As she reflects on her life in Brooklyn, Aziza's desire to reconnect with Bangladesh grows stronger. “Right now, you know, I miss it, my country.” But it is not merely a physical return she desires. It is the return to a space where her role as a woman is understood, and where society is structured in a familiar and welcoming manner. As she puts it “Sometime I wish I had to go back because this country uh I don't have any my culture.” Aziza’s awareness of the lack of connection between Bangladesh and America is a recurring pattern in the lives of many immigrants. It is why many of them carry within them a longing to return home.
Chaudhry captures this call to return to a place that is constantly evolving as the “Dream of Return.” To Chaudhry, this dream is quite devastating as she predicts, ”But the cruel fact of immigration is that once you leave, you never really have a home. You and the place you leave behind transform, ceaselessly, infinitely, so that when – if – you encounter each other again, you are unrecognisable to one another”(Chaudhry, 9). Despite Aziza's strong desire to return home, “... my mind wish it, you know, I have to every year going my country” she now faces the difficult realization that her country may not be the home she left all those years ago.

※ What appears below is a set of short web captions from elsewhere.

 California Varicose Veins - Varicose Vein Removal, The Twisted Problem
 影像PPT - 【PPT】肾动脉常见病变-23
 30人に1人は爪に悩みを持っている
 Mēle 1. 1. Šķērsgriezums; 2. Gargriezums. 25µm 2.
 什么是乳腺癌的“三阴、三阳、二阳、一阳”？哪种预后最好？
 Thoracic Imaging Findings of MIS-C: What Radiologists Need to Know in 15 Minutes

In Bangla, the language of Bangladesh, there is no direct translation for “to miss.” There are variations of this yearning feeling, but unfortunately, none as direct as the word itself. As Aziza and her children transform their lives around Brooklyn, there is a realization that they all miss their homeland. To compensate for this desire, Aziza tries to preserve the rituals of Bengali life, teaching her children about Pohela Boishakh (the Bengali New Year) and the traditions of Ramadan. To her delight, the brief trips to Bangladesh over the years have resulted in her son's strong interest in returning. “Now he tells me every year he wants to go there,” Aziza shares, referring to her eldest son. Perhaps, Aziza’s “Dream of Return” will live on through her successful attempts to inspire a love of Bangladesh within her own children.
Eid prayer in Washington Square Park, New York City.
Despite Chaudhry’s disillusionment in stating that, “The Dream of Return dies for most immigrants well before they are buried in the foreign land that will become the closest thing to home that they will ever know,” it remains to be said what the children of immigrants will decide when it comes to appreciating their heritage. (Chaudhry, 10).
Aziza’s story echoes that of all immigrant women and is marked by the ongoing negotiation of identity, culture, and motherhood. The intersection of these forces shapes her narrative as she creates a life that is constantly shifting between two worlds: the one she left behind and the one she now inhabits. As she continues to balance the responsibilities of raising her children in a foreign land, she holds onto the hope that, one day, she will be able to return to the Bangladesh that will always be her home, even if she comes to understand that the homeland she longs for may no longer be the same.